DATA SHOWN →
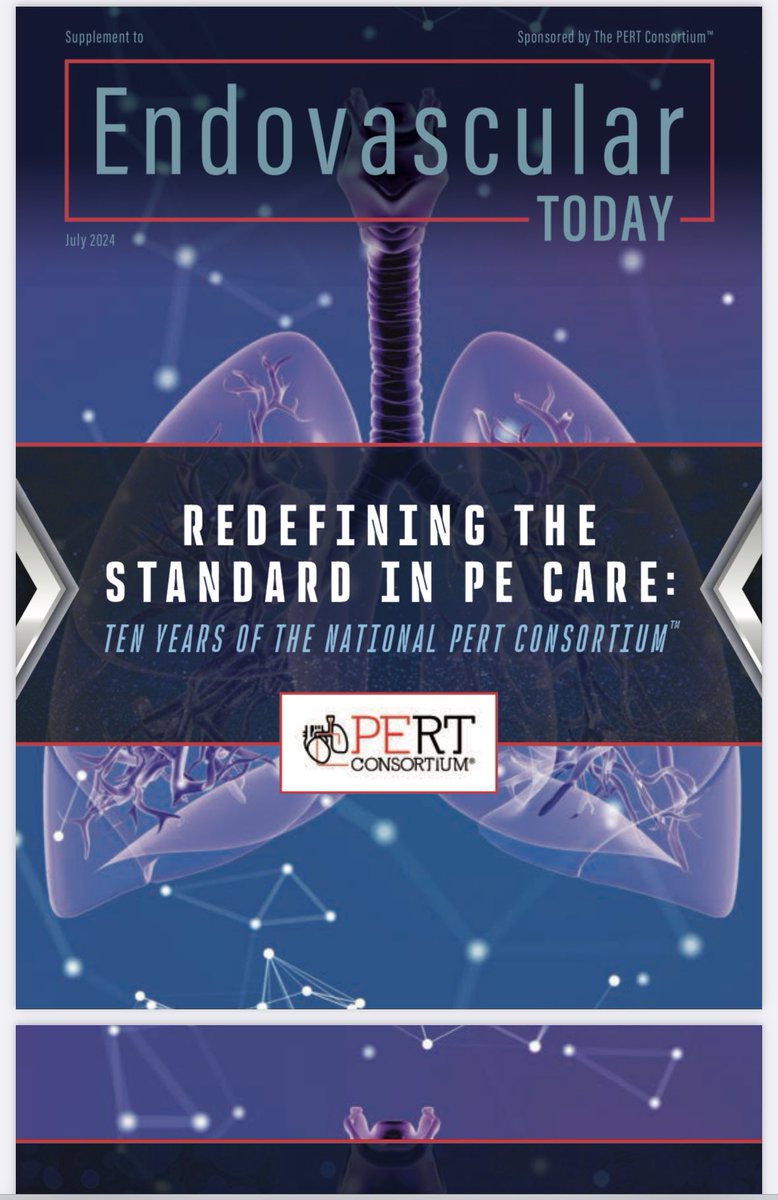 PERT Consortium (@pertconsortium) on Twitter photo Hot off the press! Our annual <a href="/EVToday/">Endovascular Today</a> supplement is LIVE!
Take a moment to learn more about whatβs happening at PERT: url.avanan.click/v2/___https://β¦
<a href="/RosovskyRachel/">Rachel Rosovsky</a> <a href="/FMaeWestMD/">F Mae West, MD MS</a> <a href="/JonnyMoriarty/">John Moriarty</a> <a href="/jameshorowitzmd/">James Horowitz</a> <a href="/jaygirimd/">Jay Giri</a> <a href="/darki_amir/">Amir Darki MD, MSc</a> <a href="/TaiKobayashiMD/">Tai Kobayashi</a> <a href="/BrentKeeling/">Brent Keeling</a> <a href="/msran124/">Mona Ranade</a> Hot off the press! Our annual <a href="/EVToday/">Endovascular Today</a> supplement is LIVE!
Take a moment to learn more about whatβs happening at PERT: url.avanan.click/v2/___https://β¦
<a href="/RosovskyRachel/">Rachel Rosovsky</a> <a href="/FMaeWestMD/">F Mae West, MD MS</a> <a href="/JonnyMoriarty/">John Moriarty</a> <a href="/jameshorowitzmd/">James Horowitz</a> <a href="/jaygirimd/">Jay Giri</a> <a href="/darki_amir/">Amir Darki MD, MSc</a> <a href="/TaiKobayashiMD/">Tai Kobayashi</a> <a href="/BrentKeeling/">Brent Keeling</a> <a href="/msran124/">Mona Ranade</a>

--

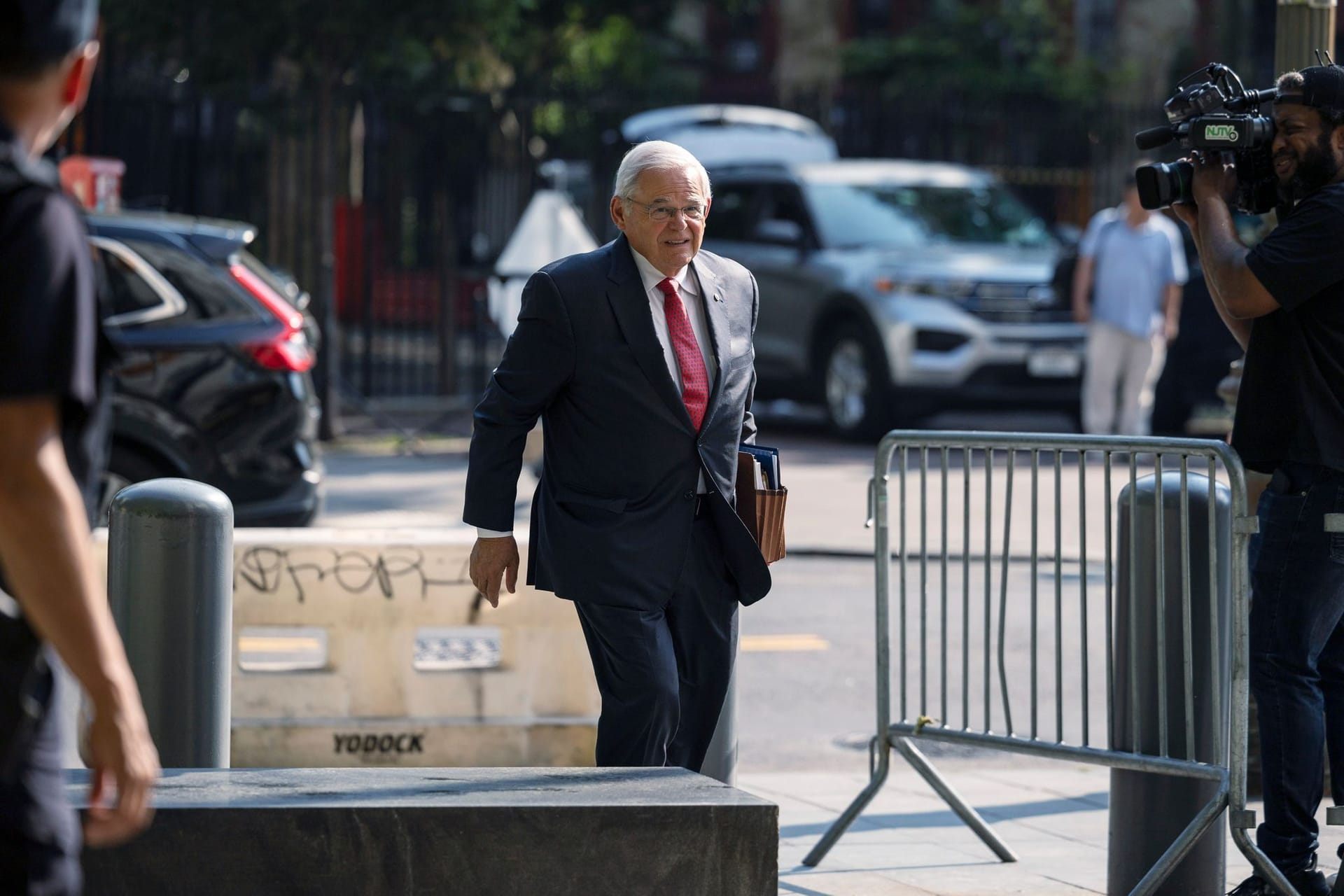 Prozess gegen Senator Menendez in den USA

---

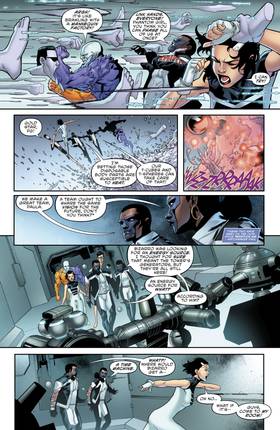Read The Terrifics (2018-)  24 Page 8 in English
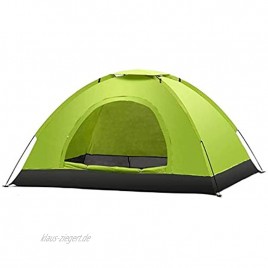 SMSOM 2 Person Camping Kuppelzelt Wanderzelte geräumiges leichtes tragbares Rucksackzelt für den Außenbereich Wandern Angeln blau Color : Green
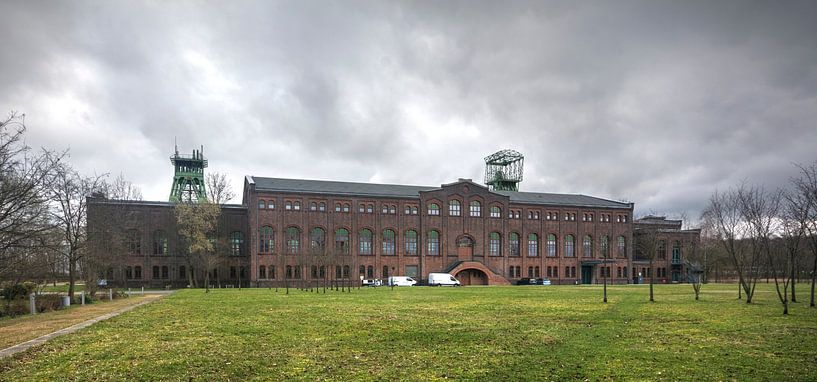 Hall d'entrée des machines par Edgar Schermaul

ABOUT THIS TASK → Would you copy, word for word, only the lines above from the one containing "SMSOM 2 Person" through the one containing "Hall d'entrée des", both included, and please leave out the pictures?

ANSWER TO THIS TASK →
 SMSOM 2 Person Camping Kuppelzelt Wanderzelte geräumiges leichtes tragbares Rucksackzelt für den Außenbereich Wandern Angeln blau Color : Green
 Hall d'entrée des machines par Edgar Schermaul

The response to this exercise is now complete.